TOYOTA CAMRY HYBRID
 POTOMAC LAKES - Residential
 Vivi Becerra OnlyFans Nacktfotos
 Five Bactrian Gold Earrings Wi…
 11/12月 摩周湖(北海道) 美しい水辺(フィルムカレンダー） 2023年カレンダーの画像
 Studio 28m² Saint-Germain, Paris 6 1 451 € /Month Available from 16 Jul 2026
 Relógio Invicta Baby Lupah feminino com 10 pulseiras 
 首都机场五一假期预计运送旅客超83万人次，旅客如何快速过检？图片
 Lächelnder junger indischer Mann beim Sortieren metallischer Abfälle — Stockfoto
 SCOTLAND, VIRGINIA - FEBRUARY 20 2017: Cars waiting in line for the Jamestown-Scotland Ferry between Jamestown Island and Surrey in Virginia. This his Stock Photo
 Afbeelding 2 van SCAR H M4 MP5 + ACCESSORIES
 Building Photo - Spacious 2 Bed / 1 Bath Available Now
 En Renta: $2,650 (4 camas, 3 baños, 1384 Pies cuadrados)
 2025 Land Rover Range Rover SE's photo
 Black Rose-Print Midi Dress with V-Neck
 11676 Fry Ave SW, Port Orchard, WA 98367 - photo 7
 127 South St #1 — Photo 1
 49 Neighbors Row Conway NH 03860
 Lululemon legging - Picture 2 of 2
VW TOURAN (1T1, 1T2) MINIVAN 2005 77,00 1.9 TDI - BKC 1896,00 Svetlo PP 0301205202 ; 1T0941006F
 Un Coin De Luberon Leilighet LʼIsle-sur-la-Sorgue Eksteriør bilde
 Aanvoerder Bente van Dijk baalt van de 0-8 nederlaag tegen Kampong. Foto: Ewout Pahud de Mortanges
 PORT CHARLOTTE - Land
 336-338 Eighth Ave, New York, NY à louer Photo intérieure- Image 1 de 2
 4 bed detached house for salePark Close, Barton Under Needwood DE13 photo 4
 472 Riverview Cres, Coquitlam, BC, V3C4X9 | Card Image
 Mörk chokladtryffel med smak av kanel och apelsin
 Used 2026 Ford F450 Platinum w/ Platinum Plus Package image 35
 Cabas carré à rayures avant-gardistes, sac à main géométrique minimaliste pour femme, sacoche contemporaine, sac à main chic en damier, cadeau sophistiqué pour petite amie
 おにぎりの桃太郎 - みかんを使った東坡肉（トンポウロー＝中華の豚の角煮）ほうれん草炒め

+ + +

**TASK DETAILS:** Using only the entries above, output the line with "Lächelnder junger indischer", the line with "Used 2026 Ford", and all lines between them, exactly as they stand.

**EXPECTED ANSWER:**
 Lächelnder junger indischer Mann beim Sortieren metallischer Abfälle — Stockfoto
 SCOTLAND, VIRGINIA - FEBRUARY 20 2017: Cars waiting in line for the Jamestown-Scotland Ferry between Jamestown Island and Surrey in Virginia. This his Stock Photo
 Afbeelding 2 van SCAR H M4 MP5 + ACCESSORIES
 Building Photo - Spacious 2 Bed / 1 Bath Available Now
 En Renta: $2,650 (4 camas, 3 baños, 1384 Pies cuadrados)
 2025 Land Rover Range Rover SE's photo
 Black Rose-Print Midi Dress with V-Neck
 11676 Fry Ave SW, Port Orchard, WA 98367 - photo 7
 127 South St #1 — Photo 1
 49 Neighbors Row Conway NH 03860
 Lululemon legging - Picture 2 of 2
VW TOURAN (1T1, 1T2) MINIVAN 2005 77,00 1.9 TDI - BKC 1896,00 Svetlo PP 0301205202 ; 1T0941006F
 Un Coin De Luberon Leilighet LʼIsle-sur-la-Sorgue Eksteriør bilde
 Aanvoerder Bente van Dijk baalt van de 0-8 nederlaag tegen Kampong. Foto: Ewout Pahud de Mortanges
 PORT CHARLOTTE - Land
 336-338 Eighth Ave, New York, NY à louer Photo intérieure- Image 1 de 2
 4 bed detached house for salePark Close, Barton Under Needwood DE13 photo 4
 472 Riverview Cres, Coquitlam, BC, V3C4X9 | Card Image
 Mörk chokladtryffel med smak av kanel och apelsin
 Used 2026 Ford F450 Platinum w/ Platinum Plus Package image 35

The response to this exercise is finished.